It’s 1932 and loveable rogue Jimmy Gralton (charismatic newcomer Barry Ward) has returned from New York with his head is full of dangerous ideas. The last thing he wants to do is re-open the old Pearse-Connolly Hall, which is what triggered him to emigrate ten years ago, but sure, what do you know? He balks under pressure by kids in the local community desperate for a bit of a dance. Oh, Jimmy!

The shameless shenanigans in the re-opened hall attract the ire of the local priest, Father Sheridan (played by Bishop Brennan. Sorry, I mean Jim Sheridan!), who is full of fire and brimstone regarding the loosening morals of young people, and Jimmy in general. Education is the remit of the Church, he maintains, not jazz music. After a fiery sermon from the pulpit, the local community is divided into two factions – those in the Lord Jesus’ corner, and those for Jimmy’s Hall, and so we’ve got Footloose, relocated to De Valera’s Ireland, where a brave pioneer is fighting to wrestle a town from the yoke of church domination.

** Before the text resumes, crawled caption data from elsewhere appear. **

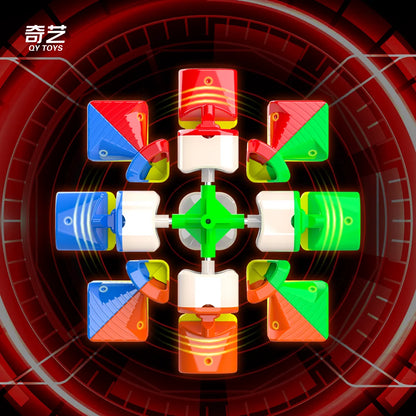 Cubo magico Profissional, Puzzle: 3x3 Super flexivel, o Produto ja vem Lubrificado de Fábrica.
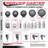 4-Piece Thermoplastic Rubber Caster Set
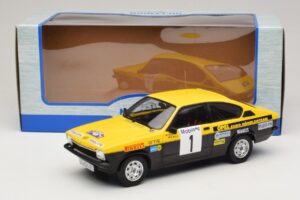 Opel Kadett C GT/E #1 W. Rohrl / H. Menne Westfalen Lippe Rally 1977 MCG 1:18 MCG18651R Metalas - nuotrauka 6 iš 6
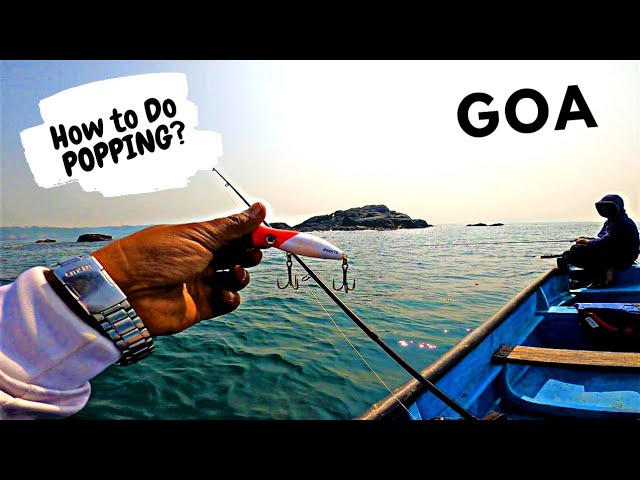 How to do Popping  Fishing at GOA 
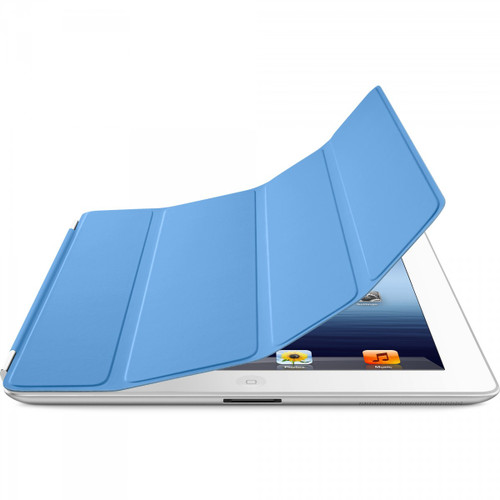 Original Apple Polyurethane Smart Cover for iPad 2/3/4 (Blue)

Ken Loach’s (supposed) final film is inspired by esteemed Irish playwright Donal O’Kelly’s Jimmy Gralton’s Dance Hall, a play that fits into the director’s recent chronicling of past injustices against the Irish people. Co-written for the screen by Paul Laverty, who previously worked with Loach on the Palme D’Or winning The Wind that Shakes the Barely (2006), Jimmy’s Hall falls somewhat short of that film’s ability to stir national pride and righteous anger. The battle lines are clearly drawn – Jimmy and his enlightened contemporaries against the Church and an oppressive state – but when cast in such stark light the conflict loses its substance. Jimmy is portrayed as an infallible man, years ahead of his time, but this renders him thoroughly uninteresting. His undeclared love affair with Oonagh (a wonderfully restrained Simone Kirby) does however simmer with tension, and is the only properly developed relationship in the film.

Loach’s trademark use of non-professional actors proves a very risky move in this case, delivering mixed results. First time-actress, Eileen Henry is a delight, bringing great screen presence to her portrayal of Jimmy’s intelligent mother, as does Aisling Franciosi as the spirited daughter of an upstanding member of the ruling class. Other performances throughout the film however can’t shake the sense of it being wholly scripted, leaving my suspension of disbelief at the door, and my admiration with it.

This is a pity, because elsewhere Jimmy’s Hall captures great sense of its time and place (Sligo has never looked so beautiful on film), and the love of music and dance that’s inherent in Irish culture. However, in a pair directorial hands that didn’t insist on amateur casting, it could have been a denser and darker film, and one the real Jimmy Gralton’s of the time deserve.